What I didn’t realise while I was lolling around on the beach was that Discovery Bay was that very afternoon hosting the semi-finals of a major island-wide community Twenty20 cricket tournament. Had I listened to the radio properly in the days beforehand, I would have definitely spared a couple of hours beach time to go and watch as my adopted home town Old Harbour were one of the teams in action. Despite being wild card outsiders, a second consecutive century in the tournament from local hero and rising star of West Indies cricket, Andre Russell, propelled Old Harbour to an easy win and the final. Russell, whose aggressive fast bowling and explosive batting have already earned him a regular place in the West Indies one-day and Twenty20 teams, is widely rated as a future global star of the game – would have been nice to have been able to say I saw him in action for his home town smashing a century in 50-odd balls. Oh well, you can’t win them all.

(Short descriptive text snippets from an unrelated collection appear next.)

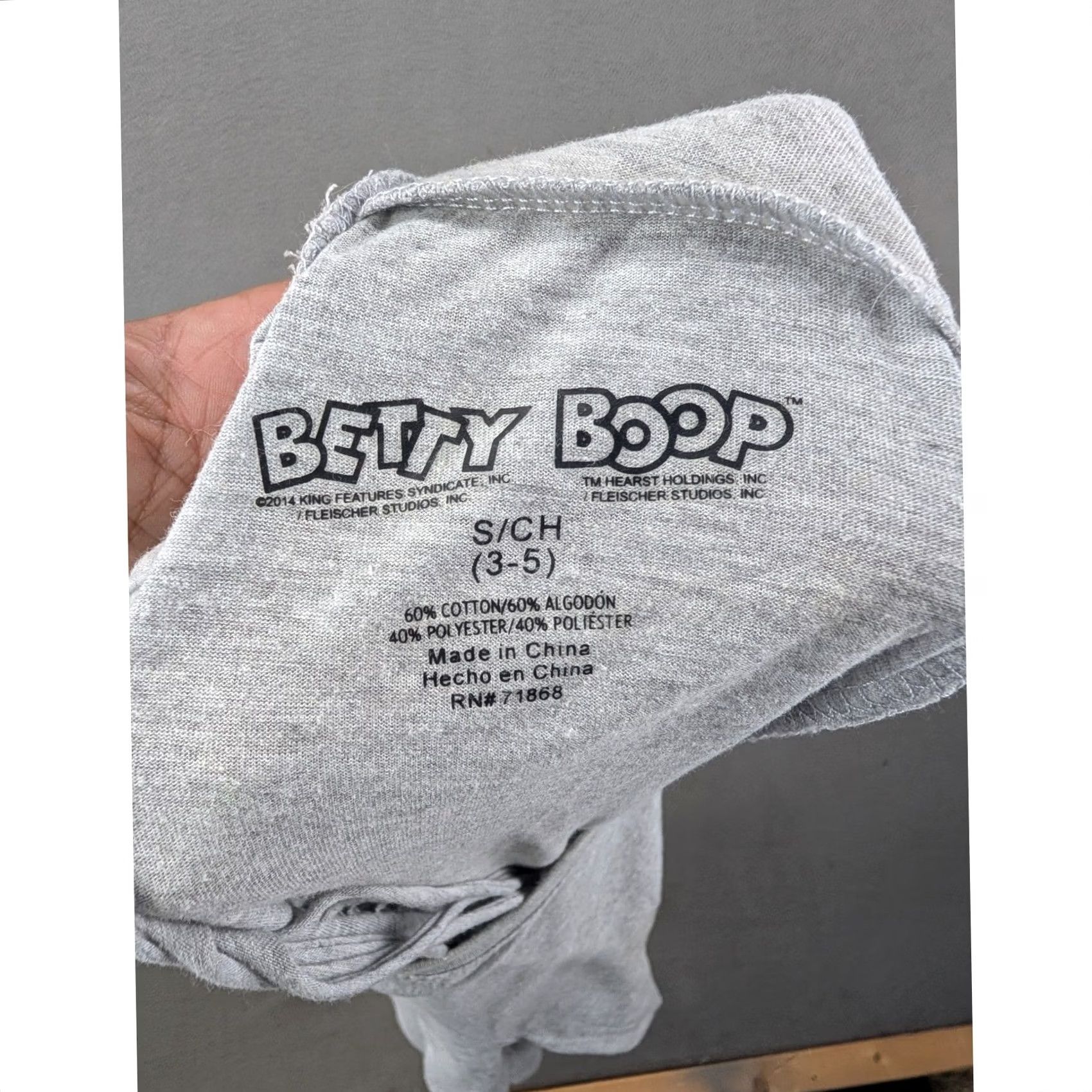 Vintage Betty Boop Gray Graphic T-Shirt S/CH Short Sleeve Cutout Back Casual Top Size XS / US 0-2 / IT 36-38 - 6 Thumbnail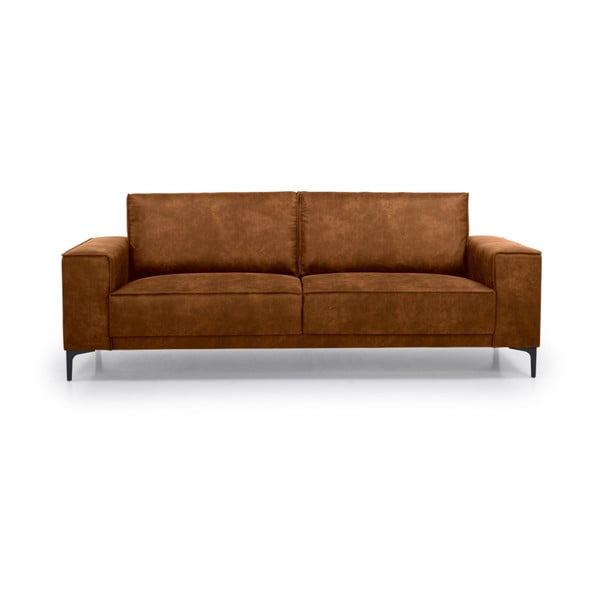 Konjakbrūns dīvāns no ādas imitācijas 224 cm Copenhagen – Scandic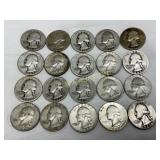 20 Pre-1964 90% Silver Washington Quarters (1936-1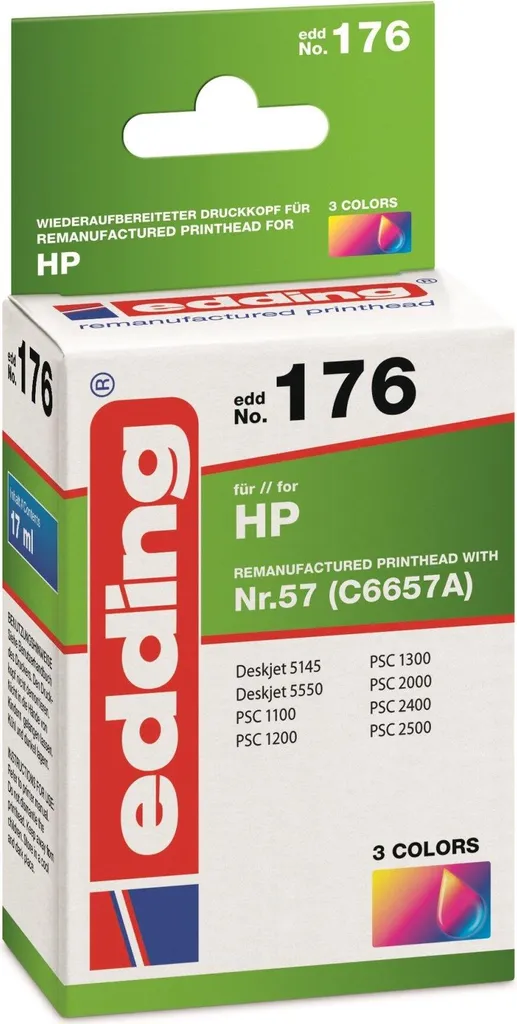 Cartuccia Edding EDD-176 Colore per HP 57 | 17ml Inchiostro Alta Qualità
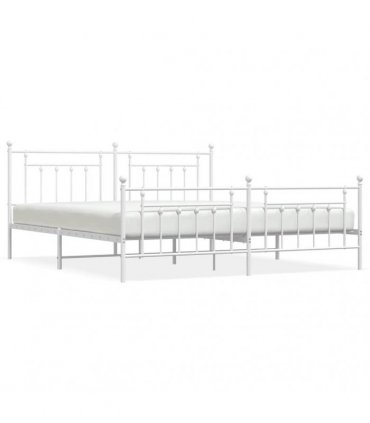 vidaXL Bed Frame | White | Powder-Coated Steel | Double | Industrial | B — Size: 200 x 200 cm, Model: with headboard & footboard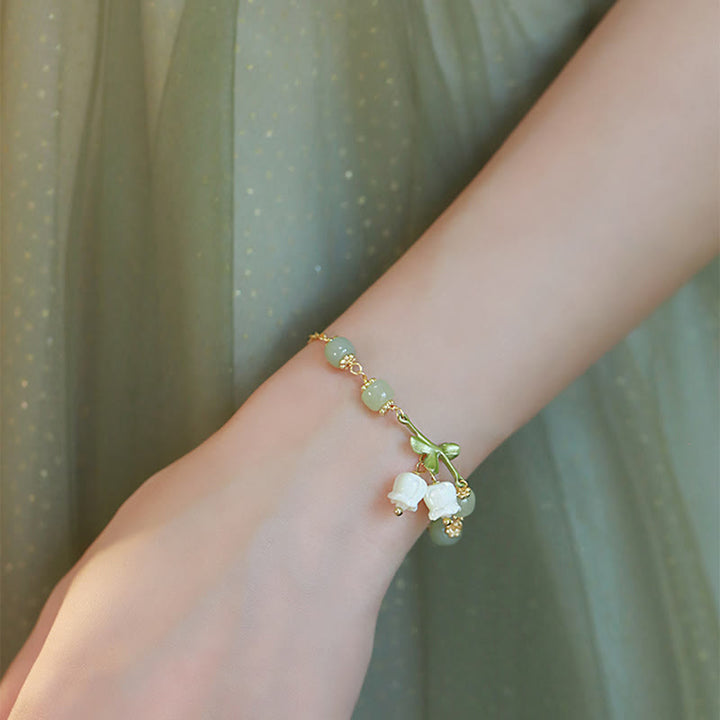 Pulsera de cadena de prosperidad de lirio de los valles con cuentas de jade verde y Buddha Stones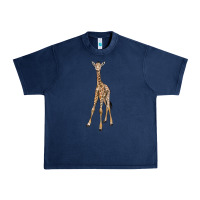 Navy baby giraffe Urban Heavy Tee - LillyAllenDesigns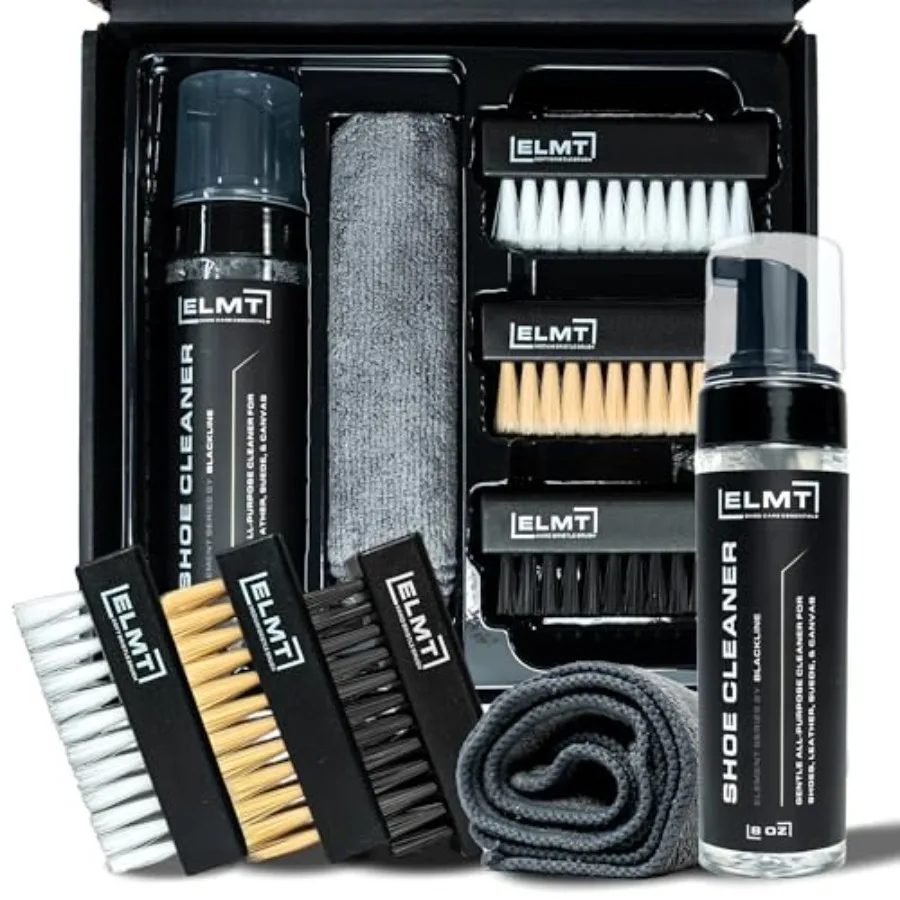 

ELMT Shoe Cleaner Kit Perfect for Sneakers with Canvas Mesh Nubuck Sheepskin Leather and Suede Materials US-Made Safe Formula 1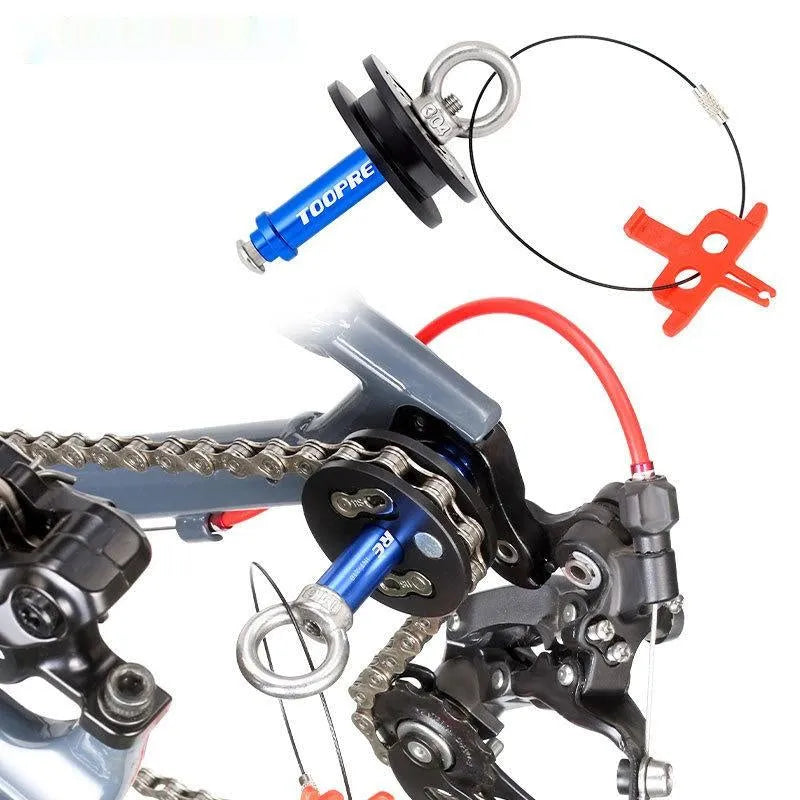 Aluminium alloy bicycle chain holder tool shown in barrel shaft, basic, and quick release versions.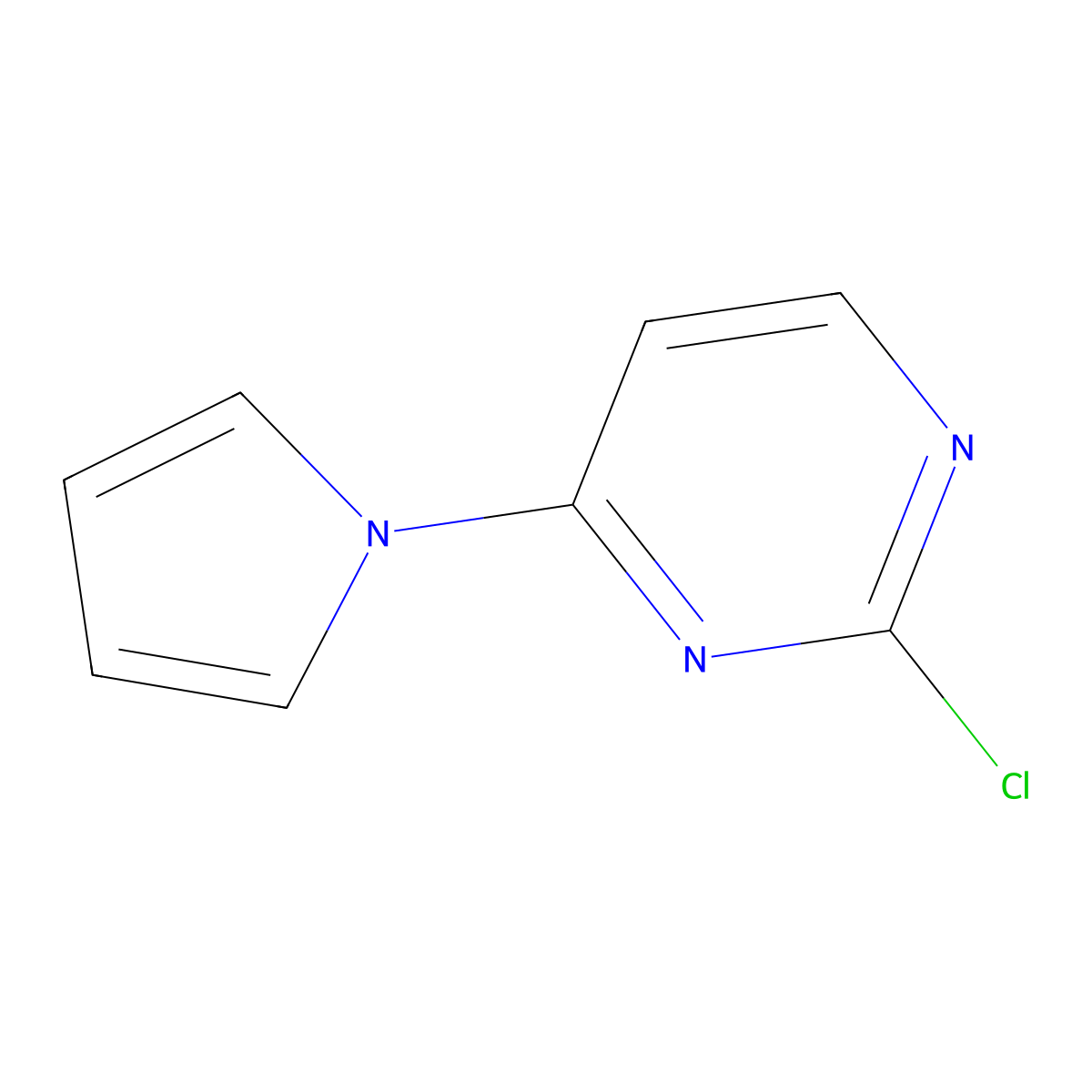 2-chloro-4-(1H-pyrrol-1-yl)Pyrimidine molecular structure, CAS 1251534-07-2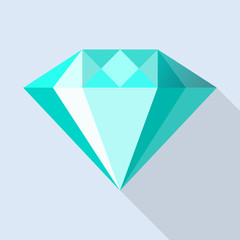 Aquamarine stone icon. Flat illustration of aquamarine stone vector icon for web design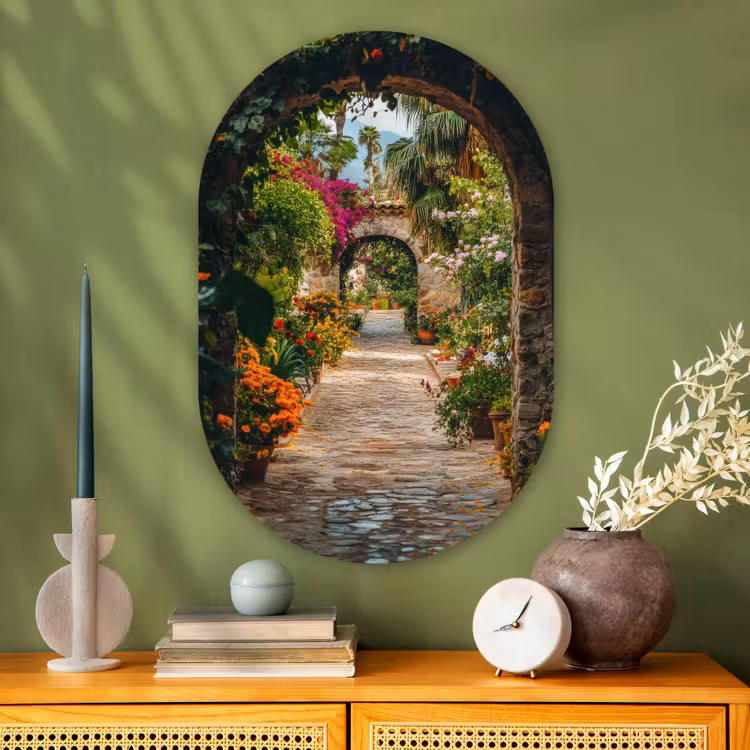 Doorkijk - Bloemen - Poort - Stenen Wandcirkel Ovaal Glas middel -sfeer2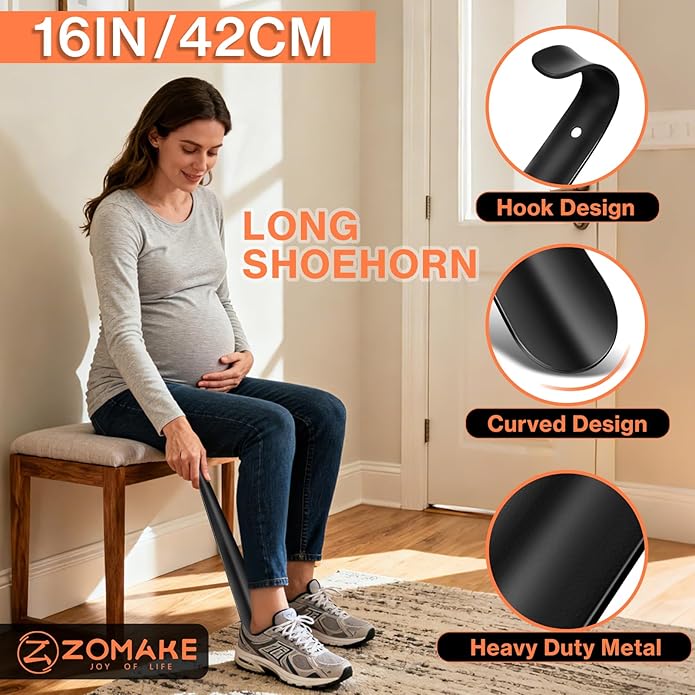 ZOMAKE Shoe Horn Long Handle for Seniors Men Women,16.5" Metal Long Shoehorn for Boots Shoe Spoon Helper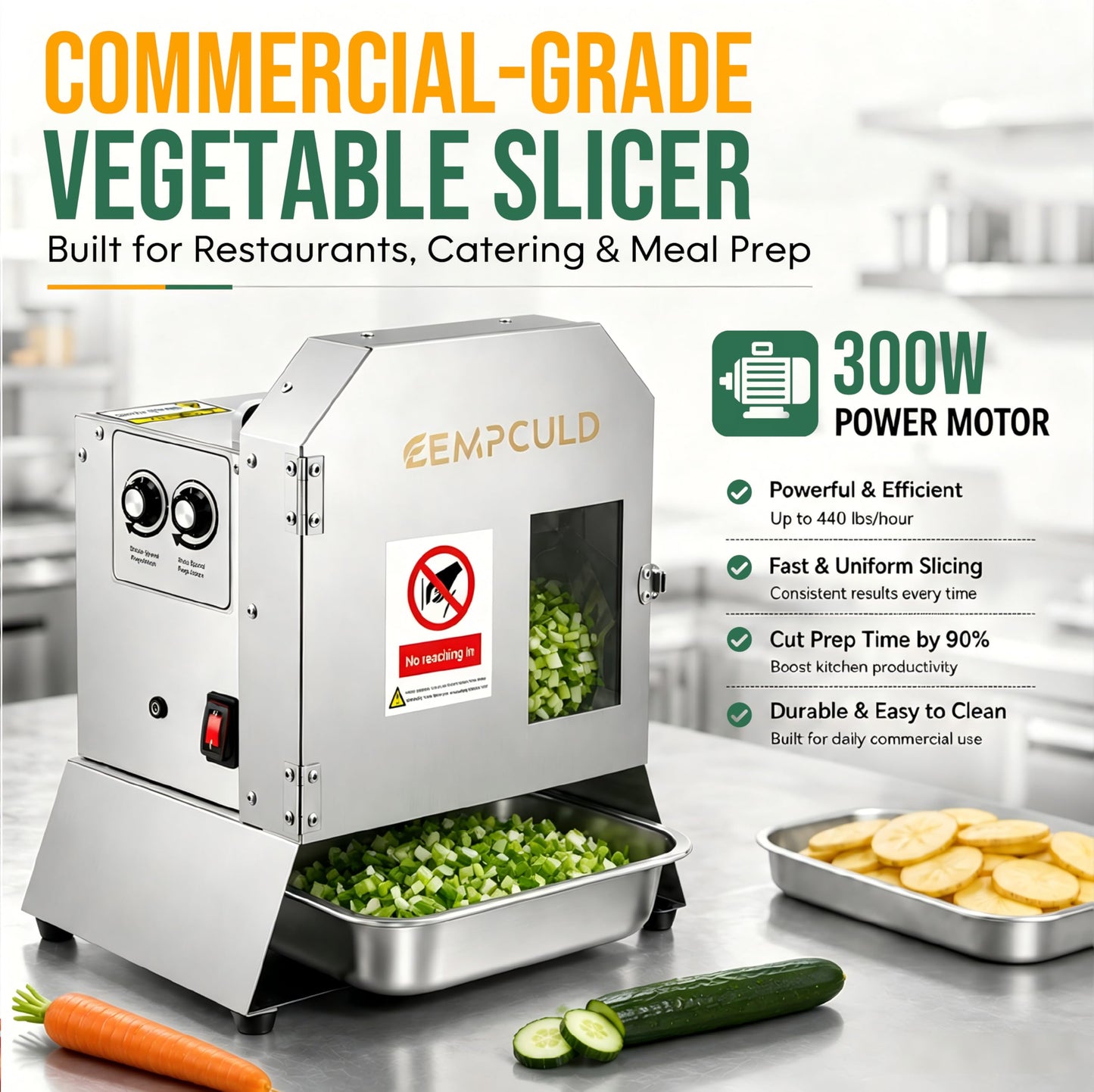 EMPCULD Electric Vegetable Slicer, 300W High-efficiency Automatic Fruit Slicer, 1-35mm Adjustable Thickness Vegetable Cutter for Home and Commercial Use, Track and Blade Rotation Speed Adjustable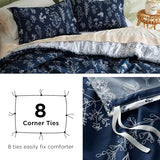 Bedsure Twin/Twin XL Duvet Cover - Reversible Navy Blue Duvet Cover Set with Zipper Closure, 2 Pieces Cute Floral Patterned Bedding Set with 8 Corner Ties and 1 Pillow Sham Bedsure
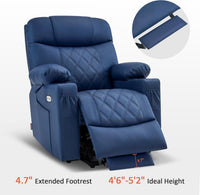 Petite Power Lift Recliner With Massage Blue USB Ports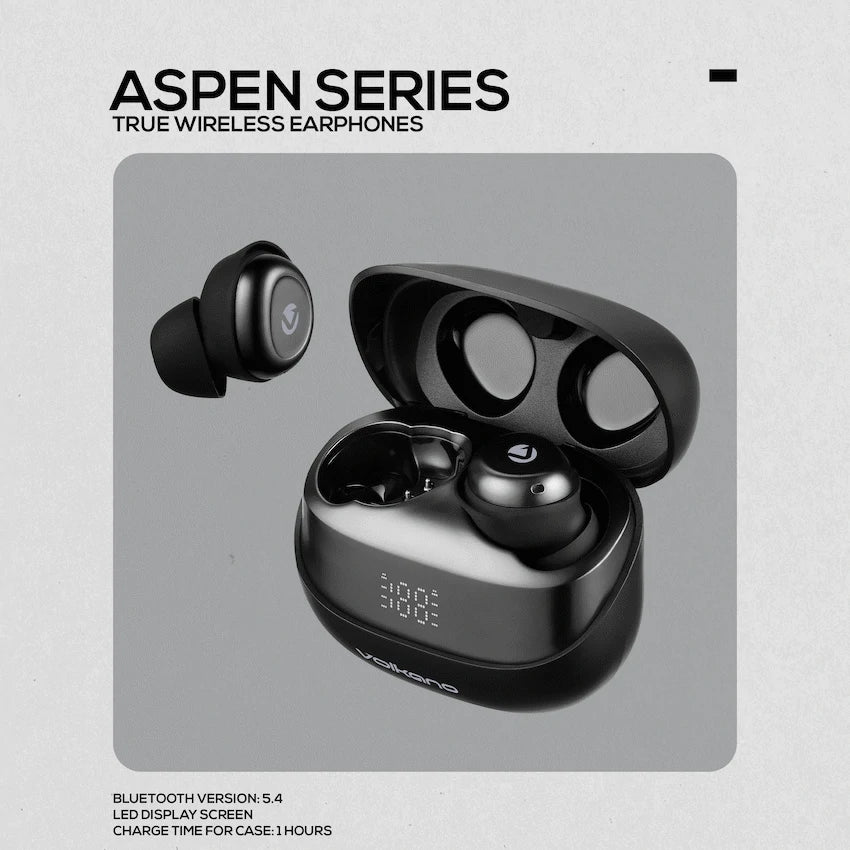 Volkano Aspen True Wireless Earphones - Black | VK-1160-BK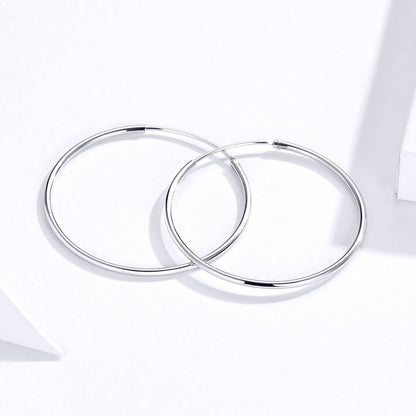 Sterling Silver Platinum Plated Hoop Earrings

The only other news I have to report from my weekend jaunt is more of a confession really. After 13 years of staunch vegetarianism, bolstered in recent times by a not-quite-so-strict vegan ethic, I succumbed to the temptations of jerk chicken. I make this confession without any hint of guilt or regret – I had already come to terms with the fact that I would try some of the famous and fiery barbecued meat while I was here, and I’m damn glad I did because it was bloody gorgeous, especially the burnt crispy bits like gristle, skin and bone ends. Apologies to any readers of a more delicate disposition to whom I may have caused offence.